***** THE DATA *****

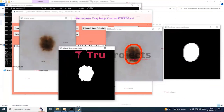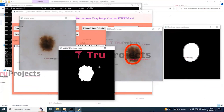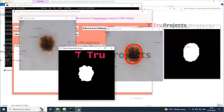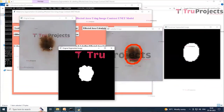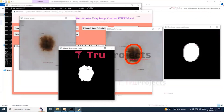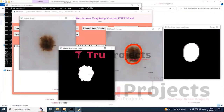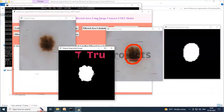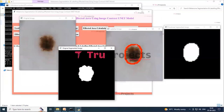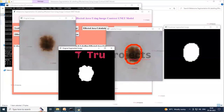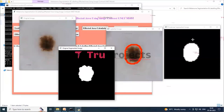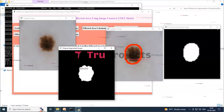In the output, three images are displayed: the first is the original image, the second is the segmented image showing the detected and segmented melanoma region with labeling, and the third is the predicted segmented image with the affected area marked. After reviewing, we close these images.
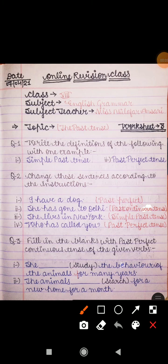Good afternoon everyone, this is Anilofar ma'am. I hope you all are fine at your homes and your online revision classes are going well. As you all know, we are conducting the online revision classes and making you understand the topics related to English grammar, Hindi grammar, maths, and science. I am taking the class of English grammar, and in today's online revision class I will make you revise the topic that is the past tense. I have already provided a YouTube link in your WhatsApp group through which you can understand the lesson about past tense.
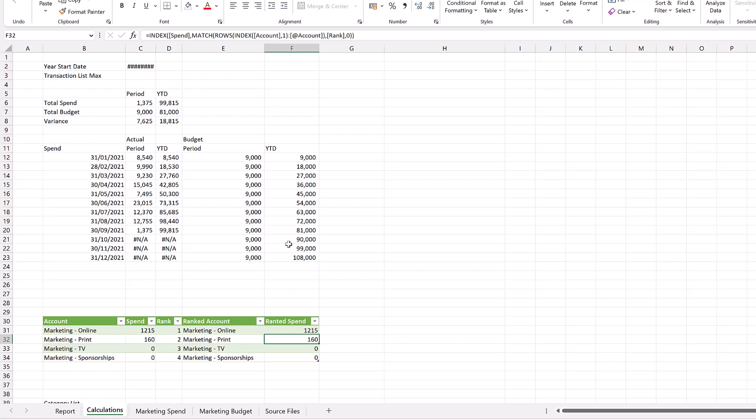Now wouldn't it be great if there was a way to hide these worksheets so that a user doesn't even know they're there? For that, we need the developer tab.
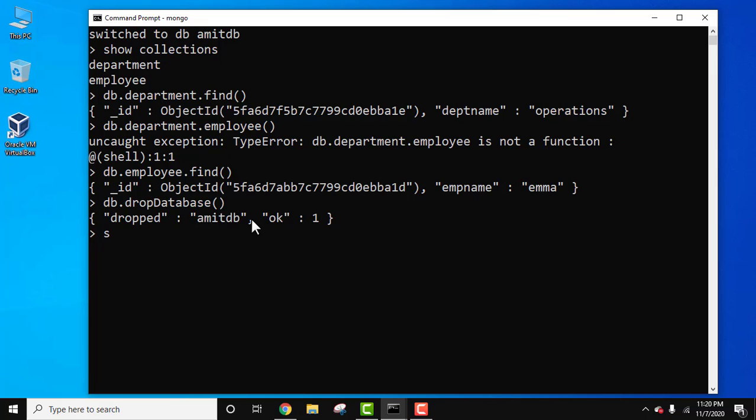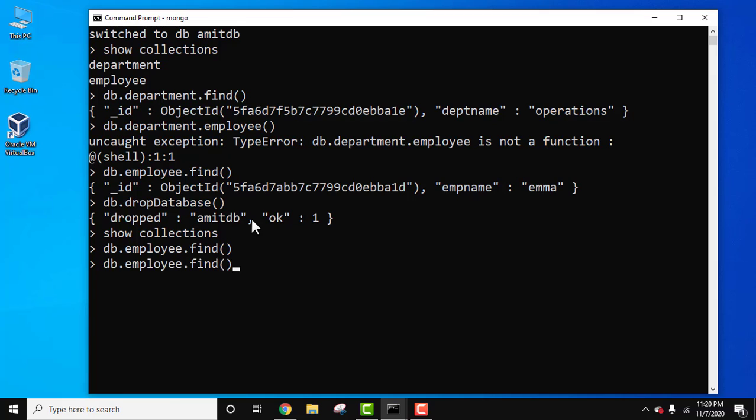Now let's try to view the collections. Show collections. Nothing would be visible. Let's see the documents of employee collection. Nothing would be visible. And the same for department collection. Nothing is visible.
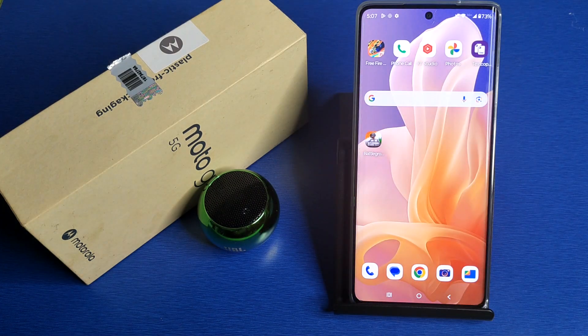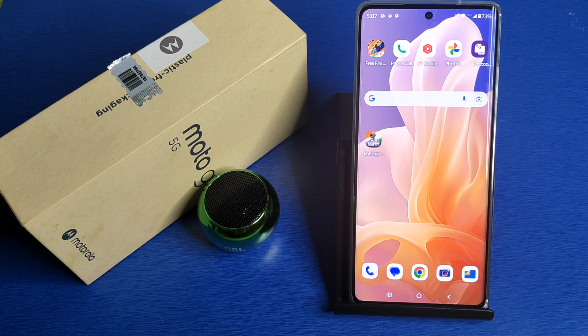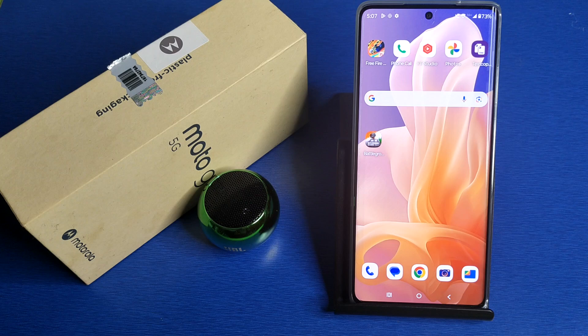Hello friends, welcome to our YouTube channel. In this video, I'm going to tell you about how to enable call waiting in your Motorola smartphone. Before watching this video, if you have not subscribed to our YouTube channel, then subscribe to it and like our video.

*****

WORK ORDER:
Each line of the records above must be repeated exactly, but no picture belongs in the copy.

ANSWER SECTION:
In the output, three images are displayed: the first is the original image, the second is the segmented image showing the detected and segmented melanoma region with labeling, and the third is the predicted segmented image with the affected area marked. After reviewing, we close these images.
Good afternoon everyone, this is Anilofar ma'am. I hope you all are fine at your homes and your online revision classes are going well. As you all know, we are conducting the online revision classes and making you understand the topics related to English grammar, Hindi grammar, maths, and science. I am taking the class of English grammar, and in today's online revision class I will make you revise the topic that is the past tense. I have already provided a YouTube link in your WhatsApp group through which you can understand the lesson about past tense.
Now wouldn't it be great if there was a way to hide these worksheets so that a user doesn't even know they're there? For that, we need the developer tab.
Now let's try to view the collections. Show collections. Nothing would be visible. Let's see the documents of employee collection. Nothing would be visible. And the same for department collection. Nothing is visible.
Hello friends, welcome to our YouTube channel. In this video, I'm going to tell you about how to enable call waiting in your Motorola smartphone. Before watching this video, if you have not subscribed to our YouTube channel, then subscribe to it and like our video.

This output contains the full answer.